“If an AI [Artificial Intelligence] possessed any one of these skills—social abilities, technological development, economic ability—at a superhuman level, it is quite likely that it would quickly come to dominate our world in one way or another. And as we’ve seen, if it ever developed these abilities to the human level, then it would likely soon develop them to a superhuman level. So we can assume that if even one of these skills gets programmed into a computer, then our world will come to be dominated by AIs or AI-empowered humans.”
― Stuart Armstrong, Smarter Than Us: The Rise of Machine Intelligence
Science fiction has had an uncanny way of sometimes becoming science fact.
Just consider fiction author Jules Vern who wrote From the Earth to the Moon in 1865, about man traveling to the moon (the story is also notable in that Verne attempted to do some rough calculations as to the requirements and, considering the comparative lack of any data on the subject at the time, some of his figures are surprisingly close to reality), that actually happened with Apollo 11 in 1969.
Or the 2004 movie I, Robot (based on fiction writer Isaac Asimov’s 1950 short-story collection of the same name), where “humanoid” robots with AI serve humanity in their daily domestic lives. It was reported back in November 2015 that UBTECH Robotics is developing Alpha 2, a small humanoid robot that will cost around $700 (US) that can move on its own and will be capable of talking freely (entertaining you, your children and guests with conversation), follow verbal commands, be a personal secretary (managing your calendar and verbally reminding you to do things), monitoring your home’s security, and more.
And, consider the 1984 movie Terminator, where AI robotic war machines turn on mankind and try to wipe out humanity. Today in the news, this – “Pentagon program works to develop hunter-killer robots”:
In the Armstrong quote above, he suggests that if an AI develops an understanding of human social skills, develops the ability to make or use technology, or learns to use our economic systems, they will dominate our world. And that means we humans will be their servant, not vice versa.

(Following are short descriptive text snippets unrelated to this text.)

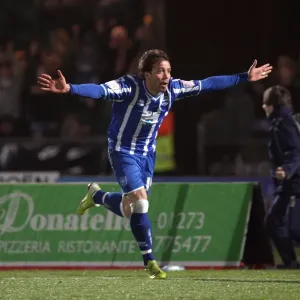 Inigo Calderon: A Legendary Seagull of Brighton and Hove Albion FC Inigo Calderon: A Legendary Seagull of Brighton and Hove Albion FC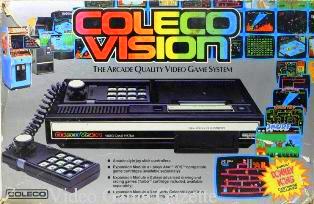 Années 80, 80's, eighties, console, retrogaming, colecovision, jeux, video, jeu, rétro, patoufs, cabbage patch kids, copinoux, zaxxon, arcade, nostalgie, souvenirs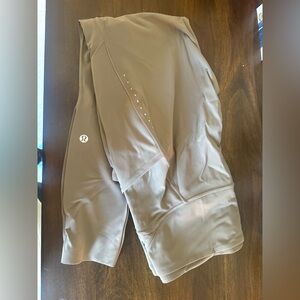 Lululemon Fast and Free HR Tight 25” w/ POCKETS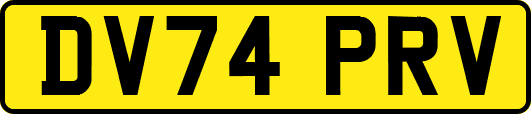 DV74PRV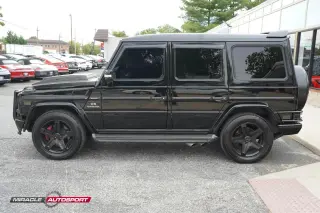 2009 MERCEDES-BENZ G-CLASS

But in war, they don’t need those understandings, all they need is the ability to “think” independently, and to know where and against whom to attack and kill, once instructed.
And it isn’t farfetched to believe that, given enough time, an AI would ultimately become a sentient – conscious, self-aware – being, no longer in need of human direction and capable of independent thought.
One shudders in wonder if this might be the next science fiction to become science fact.